#### [TASK STATEMENT]
Within the records that follow, restate exactly the lines from the line with "HUAANYA Coussin gonflable" down to the line with "HD 5.0megapixels 2592", including both. Omit the pictures.

-----

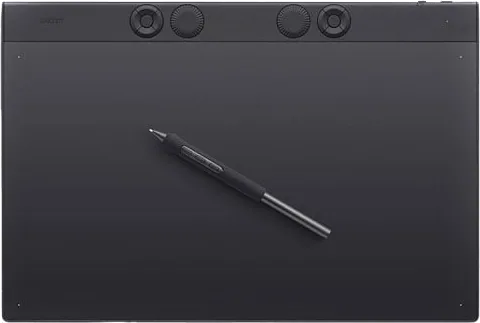 Wacom Intuos Pro (2025) Large + DaVinci Resolve Studio Bundle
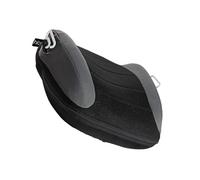 HUAANYA Coussin gonflable pour siège de voiture, coussin de siège de voyage, coussins de pression pour fesses pour siège auto, coussin gonflable pour la conduite, accessoires de voiture pour le voyage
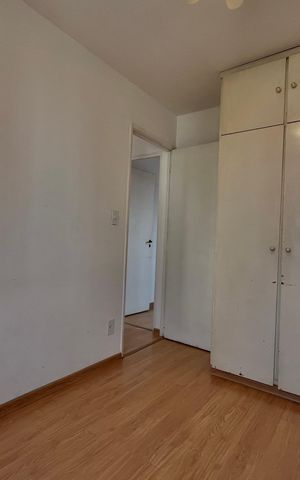 Apartamento para alugar com 58m², 2 quartos e 1 vagaQuarto 1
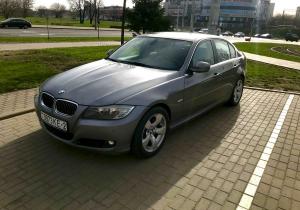 BMW 3 серия в лизинг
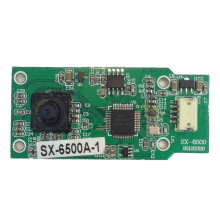 HD 5.0megapixels 2592 * 1944 Cámara del módulo del USB de 1/4 CMOS M7 (SX-6500A)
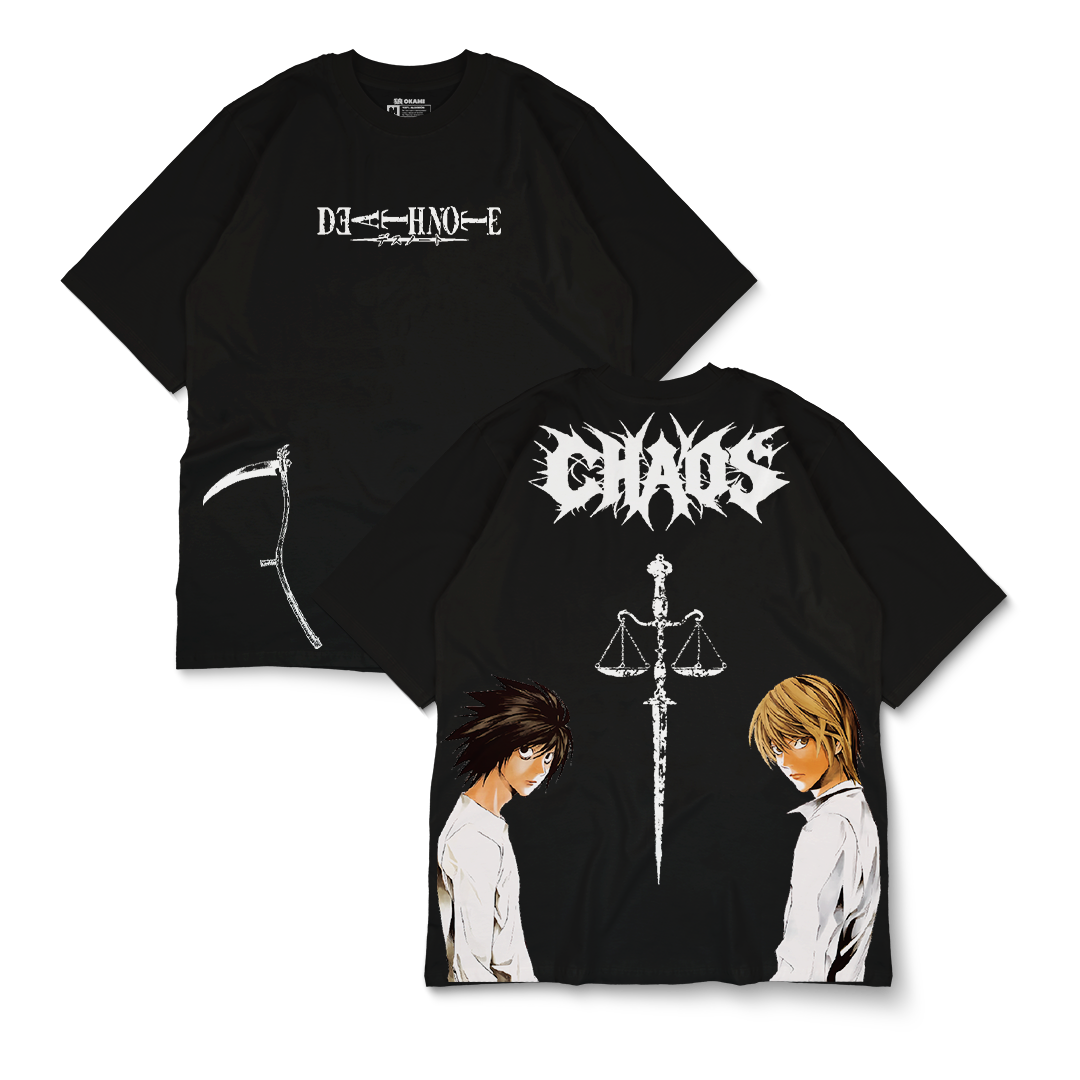 Death Note - Mind Games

-----

#### [RESULT FOR THIS TASK]
 HUAANYA Coussin gonflable pour siège de voiture, coussin de siège de voyage, coussins de pression pour fesses pour siège auto, coussin gonflable pour la conduite, accessoires de voiture pour le voyage
 Apartamento para alugar com 58m², 2 quartos e 1 vagaQuarto 1
 BMW 3 серия в лизинг
 HD 5.0megapixels 2592 * 1944 Cámara del módulo del USB de 1/4 CMOS M7 (SX-6500A)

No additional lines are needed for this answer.